Learning to cooperate

July 21, 2008
An important development in the geopolitics of oil has largely escaped notice where it should be big news: in the US.

An important development in the geopolitics of oil has largely escaped notice where it should be big news: in the US. Oil-exporting countries for many years have been calling for cooperation between themselves and major importers. Progress is evident. But little has been said about it in the world’s largest energy consumer.

Traditional arguments against cooperation, most of them based on righteous allegiance to market ideology, are losing their bite. Governments own most of the world’s oil reserves. National oil companies compete for investment opportunities, in their home countries and abroad, from positions of growing strength and sophistication. Private and political interests thus intertwine as never before. While market forces always prevail, many governments have new financial power with which to press their energy ambitions—and diminishing reluctance to use it.

Straining relationships

In many ways, and in many highly visible cases, this newly complex public-private dynamic strains historic relationships. But forces for cohesion also are at work. Economic development and the attendant social comforts have made major oil exporters as dependent on oil sales as major consumers are on purchases. Economic interdependency creates strong bonds.

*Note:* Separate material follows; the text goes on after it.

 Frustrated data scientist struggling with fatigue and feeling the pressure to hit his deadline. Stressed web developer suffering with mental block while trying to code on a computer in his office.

And clear-sighted buyers and sellers can see that meeting future energy demand will be difficult. Global energy consumers will require not just more oil but also supplemental supply from other energy sources as well as mitigation of the environmental consequences. The required investments are staggering in size and duration. Timing is crucial. That the capital be committed in required amounts soon enough to make future supply available when it’s needed serves the interests as much of consumers as of investors. Like a healthy market accessible by all buyers and sellers of oil, a steady investment climate is a goal in which oil producers and consumers can find common ground.

Indeed, efforts toward cooperation are under way. Last month, a formal “energy dialog” between the European Union and Organization of Petroleum Exporting Countries held its fifth annual ministerial-level meeting. The “dialog” is addressing issues such as refining capacity, the effects of financial markets on oil prices, technology, the effects of biofuels on refining, and carbon capture and storage.

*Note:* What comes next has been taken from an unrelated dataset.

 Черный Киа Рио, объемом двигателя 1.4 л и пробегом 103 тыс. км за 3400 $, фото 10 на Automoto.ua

Also in June, international leaders—including US Energy Sec. Samuel Bodman—met in Jeddah, Saudi Arabia, under the auspices of the International Energy Agency, International Energy Forum, and OPEC to discuss the recent surge in oil prices. In a statement after the meeting, participants “recognized the importance” of spare upstream and downstream capacities; transparency and regulation of financial markets; the Joint Oil Data Initiative; cooperation between OPEC, the IEA, and IEF in reporting and analyzing oil market developments; aid to least-developed countries; cooperation in investment, technology, and human resource development; and promotion of energy efficiency.

It’s easy to dismiss these efforts as the endless meetings and hollow words of international diplomacy, from which little concrete results are likely. The efforts do, however, highlight tough issues in which producers and consumers share interests. They also represent a new level of cooperation between the governments of producing and consuming nations. Given the new realities of the oil and broader energy markets, that’s important.

Confrontational mood

In the US, however, the watchword is not cooperation but confrontation. Political discourse routinely treats OPEC as a demon and imported oil as economic poison rather than the unavoidable yet manageable necessity that it is. Politicians exploit baseless suspicions that all oil exporters harbor hostile intent toward the US. Too many energy discussions center on reminders that most of the US attackers on Sept. 11, 2001, came from Saudi Arabia. A confrontational mood has led the US into a blind rush after impossible energy hopes, such as economic growth without imported oil or, even more ludicrously, without any oil at all.

The US acts determined to sacrifice economic health to unreasonable wishes and thus, ironically, to squander unprecedented opportunities for development of supplemental energy supplies. The irony will be compounded if the country follows energy xenophobia down this desolate path while the rest of the world learns how to make cooperation work.